Member of Madhya Pradesh Legislative Assembly
- Incumbent
- Assumed office 2018
- Preceded by: Pratap Singh
- Constituency: Jabera

Personal details
- Party: Bharatiya Janata Party
- Profession: Politician

= Dharmendra Singh Lodhi =

Indian politician

Dharmendra Bhav Singh Lodhi is an Indian politician from Madhya Pradesh. He is a two time elected Member of the Madhya Pradesh Legislative Assembly from 2018 and 2023, representing Jabera Assembly constituency as a Member of the Bharatiya Janata Party.

== Political career ==
In the 2018 Madhya Pradesh Legislative Assembly election, Lodhi contested from the Jabera Assembly constituency on a Bharatiya Janata Party ticket. He faced Indian National Congress candidate Pratap Singh and won by a narrow margin of 3,485 votes, securing a total of 48,901 votes, while Singh received 45,416 votes.
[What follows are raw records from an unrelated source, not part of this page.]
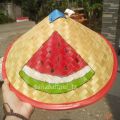 Caping petani anak lukis / topi caping lukis anak gambar buah semangka. 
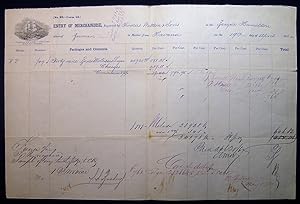 1862 Port of Philadelphia Manuscript & Printed Bill of Lading Entry of Merchandise Customs Duties...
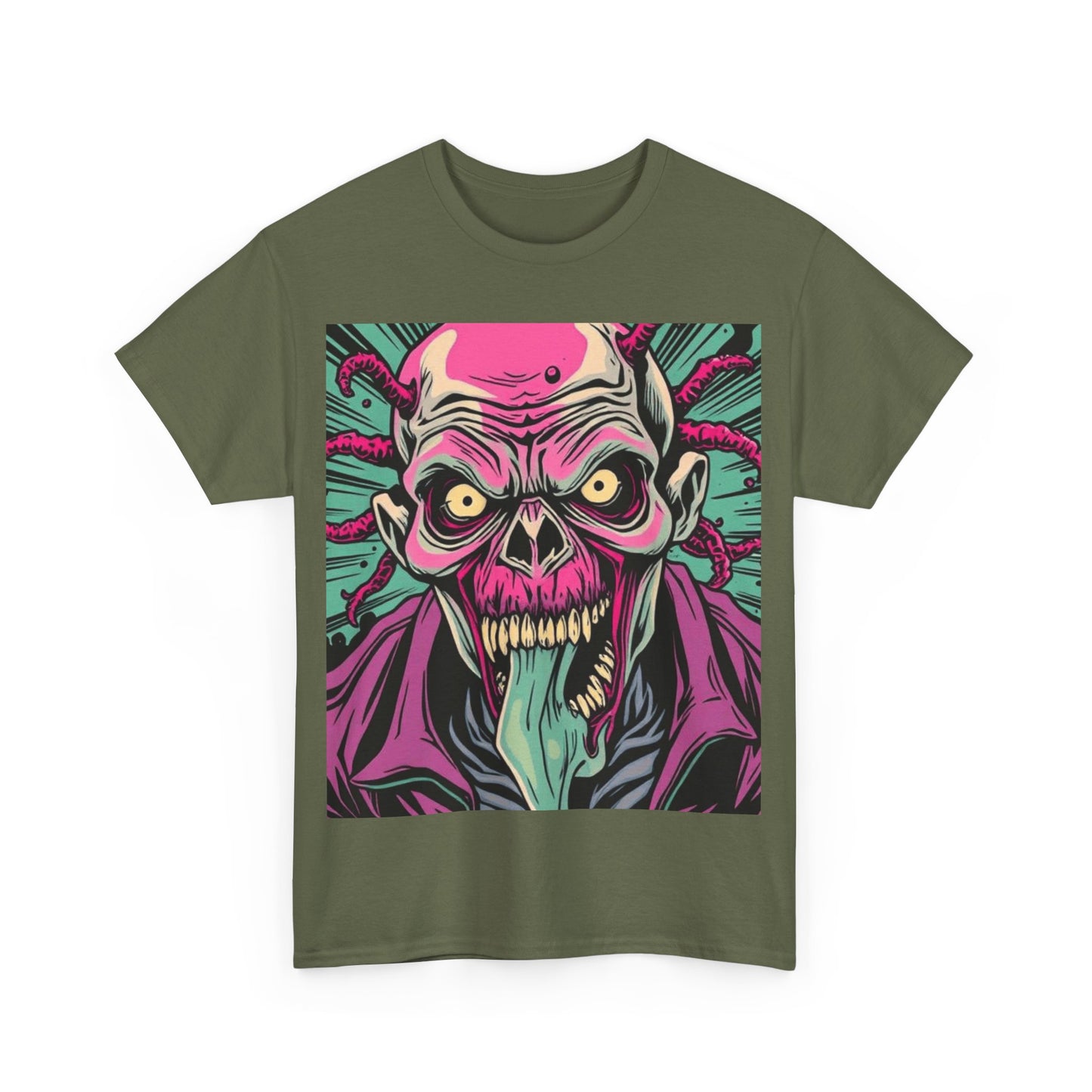UK - Unisex Heavy Cotton Tee - Bold Graphic Zombie Design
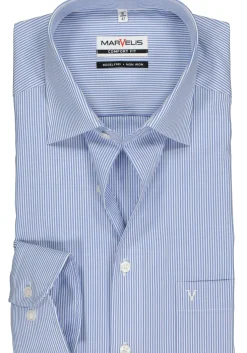 MARVELIS comfort fit overhemd, blauw met wit gestreept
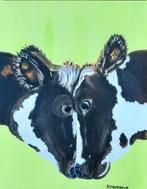 Schilderij Koeien Knuffel in vrolijk acryl op canvas, Ophalen of Verzenden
In the 2023 Madhya Pradesh Legislative Assembly election, both Lodhi and Singh contested again from their respective parties. Lodhi won the election with a significantly larger margin of 15,883 votes, receiving 72,249 votes. Pratap Singh, representing Congress, was second with 56,366 votes. Notably, Vinod Rai, the candidate from the Gondwana Ganatantra Party, came in third with 52,657 votes.